São Vicente : pour les esprits bohèmes et mélomanes

Il est des lieux où la musique suinte des murs. Mindelo en est sans doute l’un des plus beaux exemples. Cette ville coloniale un peu délavée, un peu décadente, tout à fait fascinante, est le berceau de la grande Cesária Évora. Dans ses ruelles pastel, l’écho de la morna n’a jamais cessé. Entre bars à rhum, salons feutrés et scènes improvisées, Mindelo vibre à toute heure, comme une vieille radio jamais éteinte. São Vicente, c’est l’île de l’art, de la vie nocturne, des conversations sans fin sur les marches. Une île de rencontres, d’intellectuels cap-verdiens, d’écrivains, de peintres, de musiciens. Les plages y sont présentes (Laginha, São Pedro), mais c’est la culture qui y est reine. Chaque mois de février, Mindelo devient le théâtre du plus flamboyant carnaval de tout l’archipel : une explosion de costumes, de rythmes et de satires, entre influences brésiliennes et traditions locales. Une transe joyeuse, poignante parfois, qui dit tout de l’âme cap-verdienne. Ici, l’inspiration affleure au détour de chaque porche, et les nuits ne finissent jamais tout à fait.
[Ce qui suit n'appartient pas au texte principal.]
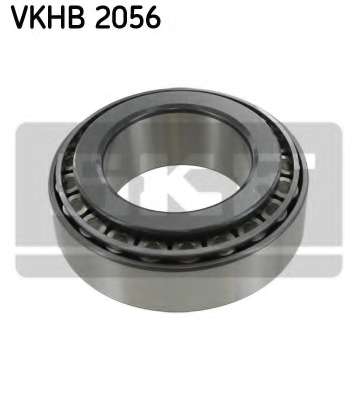 Підшипник роліковий 80x45x26 конічний відкритий однорядний (для ступиці)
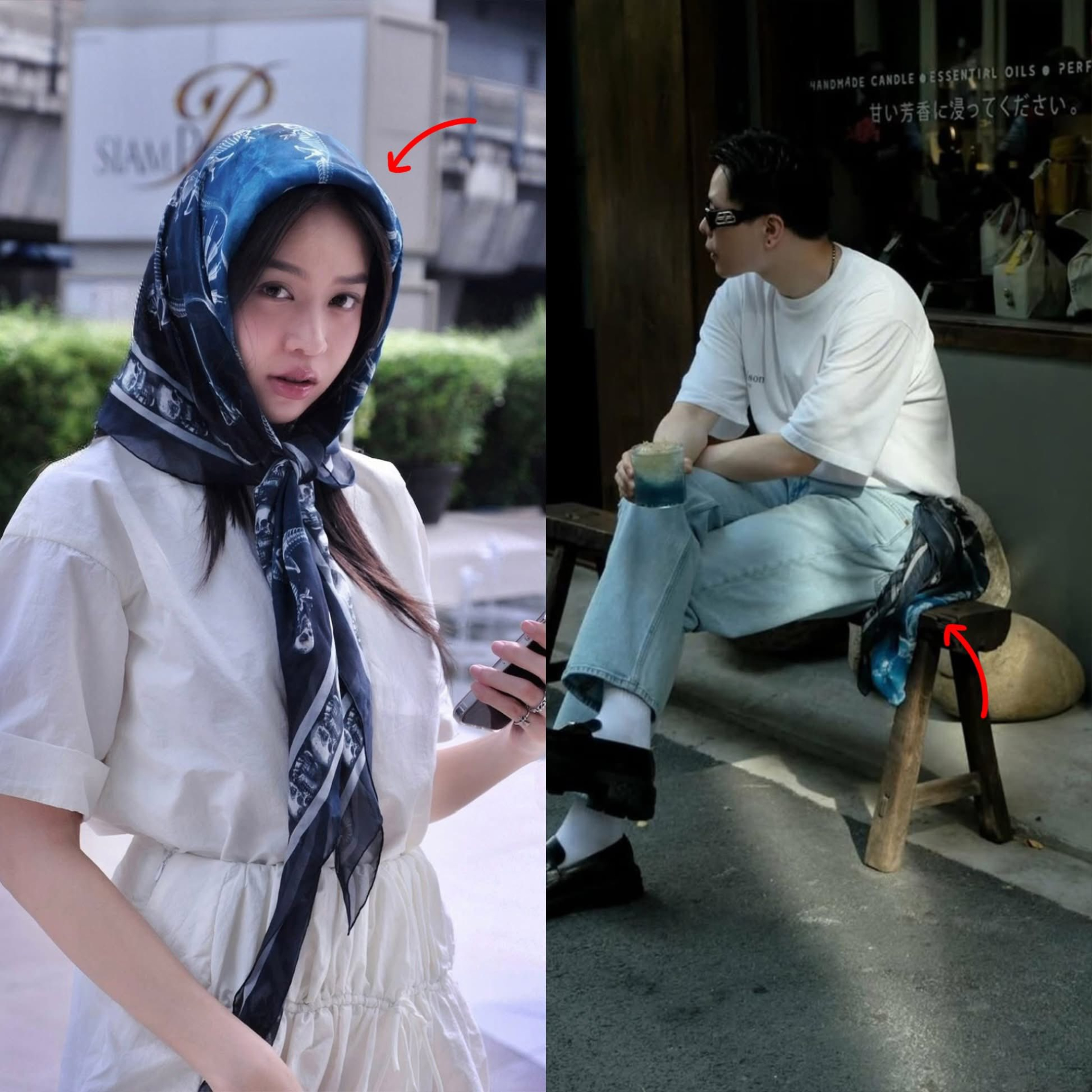 Trịnh Thăng Bình và Hoa hậu Thanh Thuỷ lại bị team qua đường "tóm dính" khi đang hẹn hò?- Ảnh 3.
Peter Adams / Getty Images

 

3

Sal : pour les chercheurs d'horizons et d'épure

Nom court, beauté nue. Sal, c’est l’île des sables infinis, du soleil permanent, du bleu éclatant. Le vent y souffle presque toute l’année, balayant les plages comme des toiles vierges. Pas de reliefs vertigineux, pas de forêts luxuriantes – juste l’essentiel : du désert, de l’eau, du sel. C’est l’île la plus balnéaire du Cap-Vert, avec ses hébergements face à l’Atlantique, ses écoles de kitesurf et ses cocktails bien calibrés. On y pratique aussi la plongée, le surf, la planche à voile ou simplement l’art de marcher longtemps au bord de l’eau, en compagnie du vent. Sal cache aussi des trésors pour qui sait s’éloigner de Santa Maria : les salines de Pedra de Lume dans un cratère effondré, le port de Palmeira, la baignade dans le « Blue Eye » de Buracona. Une île où l’on cesse de courir, où l’on se laisse bercer par la rumeur de la mer.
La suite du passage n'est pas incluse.